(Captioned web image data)
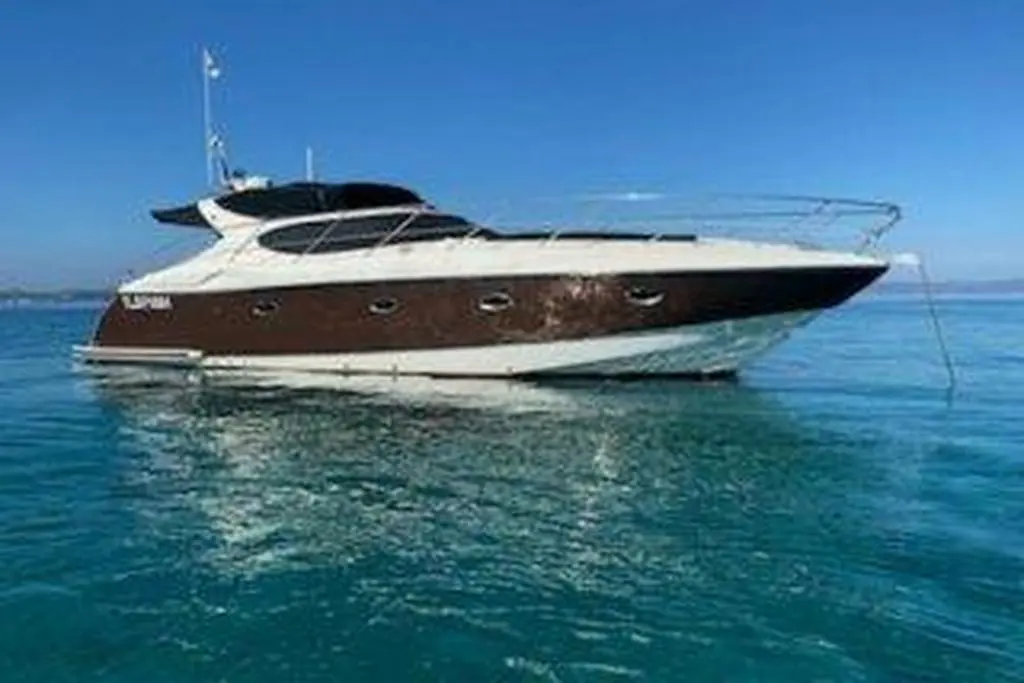 Neptunus 41 Sport — Bateau à moteur blanc et brun photographié de profil sur une mer calme.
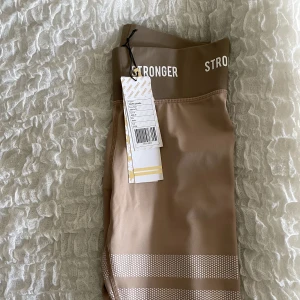 Träningstights  - Ett par sprillansnya träningstights från stronger i en nude färg. De är endast testade 
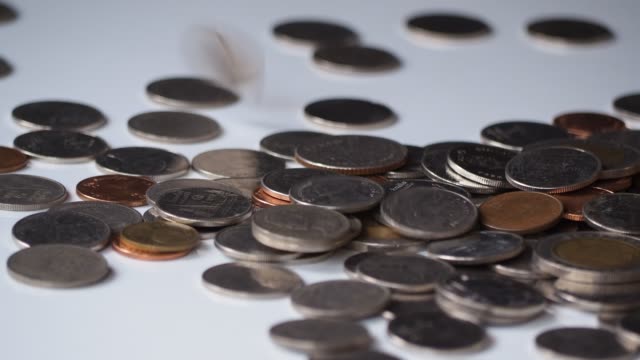 close-up-4k-motion-footage-of-money-coins-falling-to-pile-of-coins-on-white-floor.-business,-financial-for-money-saving-or-investment-concept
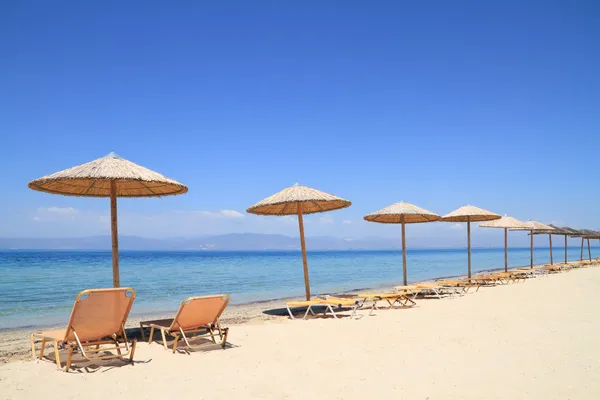 Umbrellas and recliners by the sea — Stock Photo, Image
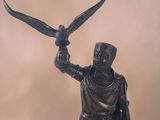 bronze statue of a man holding a bird in his hand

■ **What this task involves**: Above are the entries; write them out again exactly, omitting the pictures.

■ **Answer box**:
 Neptunus 41 Sport — Bateau à moteur blanc et brun photographié de profil sur une mer calme.
 Träningstights  - Ett par sprillansnya träningstights från stronger i en nude färg. De är endast testade 
 close-up-4k-motion-footage-of-money-coins-falling-to-pile-of-coins-on-white-floor.-business,-financial-for-money-saving-or-investment-concept
 Umbrellas and recliners by the sea — Stock Photo, Image
 bronze statue of a man holding a bird in his hand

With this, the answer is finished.